In my son’s room that January of 1966 Beverly Hampton was one of the first black students to integrate E.S. Richardson School. Her desk was right across the aisle from my son. Near the end of the school year she came down with chicken pox. Later, my son broke out with them on the morning of his birthday party, June 3. Party had to be cancelled since most of his friends came down with chicken pox, too.

It was a year of adjusts for both the white and the black communities. I know that little girl must have been frightened, but so where the white children apprehensive, too.

Miss Audrey Hortman was John’s teacher and she was so frightened over integration that she had her phone number unlisted, and she would not answer her door. I don’t know if she was afraid some parent would harm her or what. She was just petrified with fear.

Integration brought no problems and life went on. That autumn my son entered the third grade, and my daughter entered Minden High School.
My daughter was the “Student of the Year” that year at Lowe Junior High School. She had been the head majorette at Lowe that year, too.
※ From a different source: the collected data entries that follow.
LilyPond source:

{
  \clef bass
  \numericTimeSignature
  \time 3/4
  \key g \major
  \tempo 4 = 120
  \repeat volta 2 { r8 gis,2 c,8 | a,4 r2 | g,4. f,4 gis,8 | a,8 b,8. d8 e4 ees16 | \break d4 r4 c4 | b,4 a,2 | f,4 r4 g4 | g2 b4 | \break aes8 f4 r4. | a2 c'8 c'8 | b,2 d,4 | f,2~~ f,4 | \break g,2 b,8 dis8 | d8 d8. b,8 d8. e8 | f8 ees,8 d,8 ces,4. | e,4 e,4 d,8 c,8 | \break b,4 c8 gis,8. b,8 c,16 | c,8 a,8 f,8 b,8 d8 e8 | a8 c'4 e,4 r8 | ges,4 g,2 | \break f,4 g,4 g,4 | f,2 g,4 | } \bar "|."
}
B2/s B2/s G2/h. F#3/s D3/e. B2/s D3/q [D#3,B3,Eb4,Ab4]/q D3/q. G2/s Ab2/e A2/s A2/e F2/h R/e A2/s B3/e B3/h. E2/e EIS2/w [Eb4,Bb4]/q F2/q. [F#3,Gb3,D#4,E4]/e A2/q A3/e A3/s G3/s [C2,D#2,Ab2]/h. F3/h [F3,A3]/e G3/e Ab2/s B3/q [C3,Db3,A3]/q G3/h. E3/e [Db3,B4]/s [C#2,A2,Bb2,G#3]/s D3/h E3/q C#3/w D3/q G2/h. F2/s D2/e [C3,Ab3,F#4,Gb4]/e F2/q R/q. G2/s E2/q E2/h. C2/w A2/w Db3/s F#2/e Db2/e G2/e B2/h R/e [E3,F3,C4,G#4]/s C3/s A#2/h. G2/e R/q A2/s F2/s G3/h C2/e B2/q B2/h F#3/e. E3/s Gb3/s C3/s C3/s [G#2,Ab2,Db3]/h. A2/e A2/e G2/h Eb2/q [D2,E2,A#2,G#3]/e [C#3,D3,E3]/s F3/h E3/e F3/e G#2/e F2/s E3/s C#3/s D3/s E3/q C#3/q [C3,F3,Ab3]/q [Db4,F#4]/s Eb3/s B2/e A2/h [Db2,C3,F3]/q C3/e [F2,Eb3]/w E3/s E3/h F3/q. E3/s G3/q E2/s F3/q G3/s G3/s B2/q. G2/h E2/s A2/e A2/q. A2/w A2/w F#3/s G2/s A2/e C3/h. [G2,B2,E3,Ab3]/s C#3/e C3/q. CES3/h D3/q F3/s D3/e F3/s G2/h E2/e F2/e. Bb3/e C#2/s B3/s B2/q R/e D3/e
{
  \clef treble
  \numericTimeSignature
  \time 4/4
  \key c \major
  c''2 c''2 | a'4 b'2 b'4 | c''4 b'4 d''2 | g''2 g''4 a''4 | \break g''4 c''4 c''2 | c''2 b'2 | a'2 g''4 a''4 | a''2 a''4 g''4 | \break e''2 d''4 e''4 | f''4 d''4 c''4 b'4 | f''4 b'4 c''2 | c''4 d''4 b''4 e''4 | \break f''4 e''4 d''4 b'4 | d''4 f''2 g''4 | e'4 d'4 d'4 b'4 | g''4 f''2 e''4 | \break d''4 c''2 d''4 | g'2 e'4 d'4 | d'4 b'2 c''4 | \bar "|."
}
So many memories of the sixties.

Integration came that year to the Election Commissioners also. For the first time in our knowledge there were black people listed as Election Commissioners.

1966 was a year of front line news for Minden. The trials for two murderers attracted a lot of attention in 1966. One was a trial for the killing of a black man in 1965 in front of the First Baptist Church by a white man. My husband, J.C., was called a prospective juror. J.C. was questioned by the defense attorney along the lines that he had been advised by the pastor of our church to vote a certain way. This was not the case and my husband told them so. He was not accepted. The man who was being tried for the murder was found “Not Guilty.”

The other trial was for the murder of a local businessman and his wife was tried for his murder. This was a family that we knew well. The man operated an automobile parts business in downtown Minden. Their son was the age of my daughter. Two of the little daughters were in my Sunday School Department and I had visited in the home. When the new baby girl came in the family, the mother added “Suzanne” to her name because of my daughter, Suzanne. My feelings about this case were ambivalent. When I had visited the little girls in the home, I watched the mother as she sat sewing lace on little dresses and socks for the little girls.

The children were huddled on the floor around her feet. Such a scene of domesticity, a loving mother and children. I could not believe that she was guilty, but there were so many things that brought out in the trial that almost made me change my mind. Eventually the case came to a close and she was found “Not Guilty.”

In 1960 the paper sponsored a contest for the best slogan advertising, “Buy in Minden.” I entered several times and so did my husband. We both won one week and the paper came out, made our picture and it appeared on the front page of the paper.

The papers that year had plenty to justify a daily newspaper and in July of 1966 it became a daily newspaper. Gibson’s opened their store here on July 19, 1966. The opening day prices seem unreal. A carton of six Coca Cola costs 18 cents. A 9-piece set of Teflon lined cookware was $7.97. A 50 ft. garden hose was $1.12. A steam/dry electric iron was sold for $5.97. Piece goods for ladies’ dresses were price from .21 cents to .47 cents a yard. The Minden Press-Herald carried a full-page ad listing many, many similar prices.

And that was the year John Botzong hung up his cab keys after driving a cab for 45 years and driving over 2 million miles, wearing out 20 automobiles. He was 80.

The autumn of 1966 saw the election of the first Republican Mayor in Minden’s history and he was also the first Republican Mayor since Reconstruction. Changes, changes!!

There were so many things I remember from those years, but the thing that I remember best was that I could walk, I could work, and I stayed busy. Happy memories!

Juanita Agan submitted a weekly column to the Press-Herald for more than 15 years until her death in 2008. She was a resident of Minden since 1935.